Happy Thanksgiving, lord we have a lot to be thankful for.
Holy BEEPing BEEP-crackers, she actually believes we care what she thinks.
We should be able to approve of her menu. Is she eating too much salt, sugar and fat???
I’ll let her know what she can bite.
I make a two pecan pies for my Hawaiian inlaws who love it.
I make a mincemeat pie for myself. Takes me a week to kill it all, but I’m the only one that will eat it. They all shake their heads at me when I eat mincemeat, but they all eat raw fish. I don’t get it.
My family has been cooking their fish for, I dunno, 12 to 14 thousand years, according to the History Channel.
Everyone have a nice Thanksgiving. We’re having our dinner at the beach.
More shockingly, Fox News thinks we care what she says.
Yum. I’m in the same “boat” and gladly finish it myself.
Blessed Thanksgiving to all.
How dare she?!?! Who died and made her God?
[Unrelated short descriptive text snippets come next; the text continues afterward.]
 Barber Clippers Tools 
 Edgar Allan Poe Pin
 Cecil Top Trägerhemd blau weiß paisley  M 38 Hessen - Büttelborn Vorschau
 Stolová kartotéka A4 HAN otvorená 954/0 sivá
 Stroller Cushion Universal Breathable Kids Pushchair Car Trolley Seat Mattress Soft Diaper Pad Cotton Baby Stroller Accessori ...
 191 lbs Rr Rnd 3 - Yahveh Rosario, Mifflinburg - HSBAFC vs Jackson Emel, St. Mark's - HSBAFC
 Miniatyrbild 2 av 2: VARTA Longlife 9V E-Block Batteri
The *@^%!#& twit.
Hey, Ms. Bitterman! I’ve OK’d the passage of the FairTax. Have your testically-challenged life partner get right on that.
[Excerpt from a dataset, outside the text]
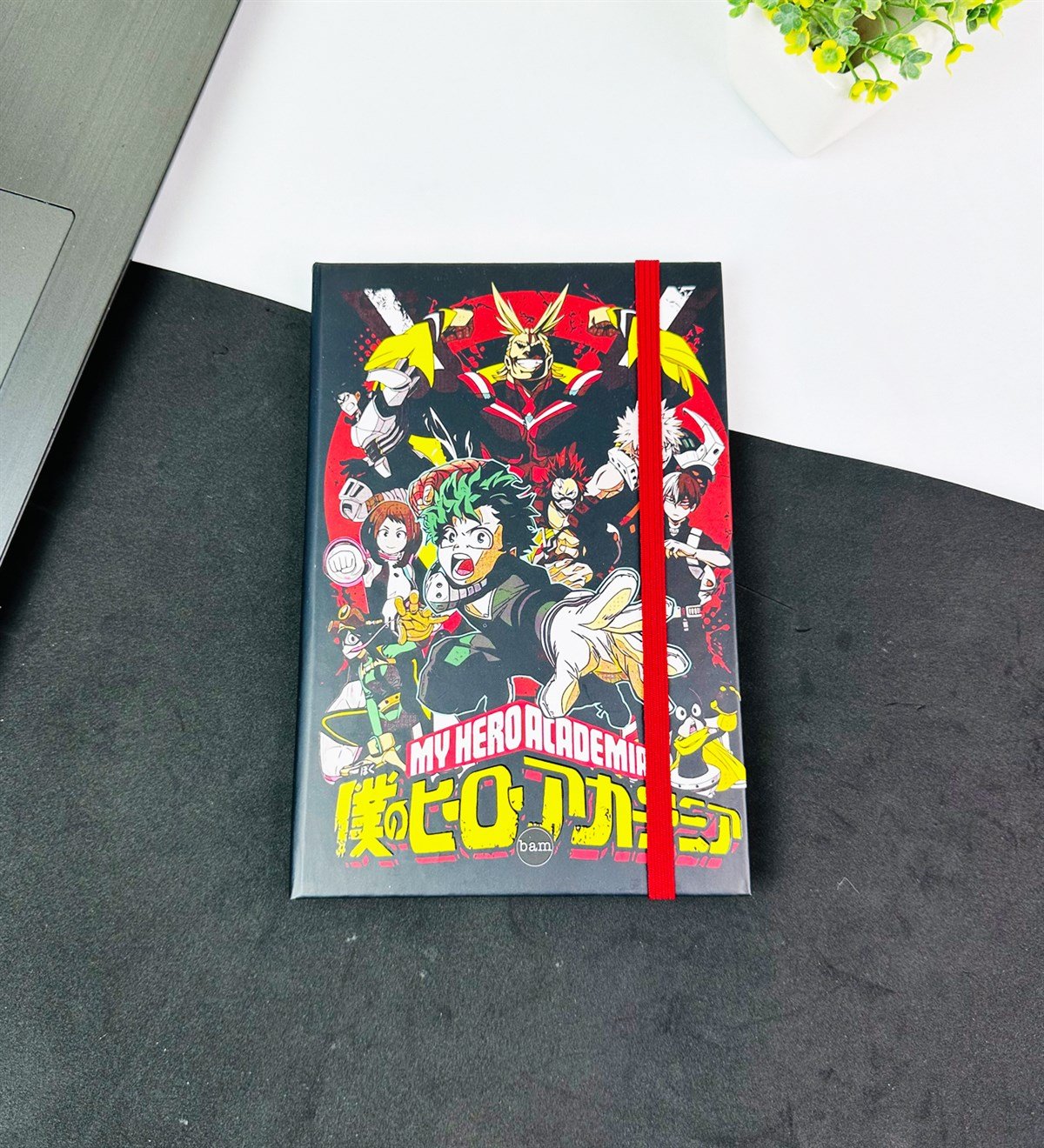 My Hero Academia Tasarımlı Lastikli DeftergiftmodaGMD0001-16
I hope that approval extends to the “Bacon Explosion” appitizer.
Don’t get between me and my home made bacon….
Oh, most holy and sacred FLOTUS, thank you for humbly granting us this generous dispensation. After Thanksgiving, I will duly fast to return to your recommended body mass index, and next spring, I’ll be sure to track the growth of your rutabagas and other delicious garden vegetables with those of my own. I promise.
Happy Thanksgiving to all.
Not to be out done, Barry said:
Umm, let them, uh, eat, um, er, cake.
If this “approval” does not remind us of how badly the liberals want to control every facet of our lives – nothing will. This is the very reason I do NOT use CFL’s.
But, but,..but, what about the children???
I’m not going to take nutritional advice from someone with a fat ass.
First Squeeze Thunderbutt will be consuming 6 pies, according to last reports from the wh. They’ll have to station armed guards to prevent her guests from taking any. “It’s mine, all mine.”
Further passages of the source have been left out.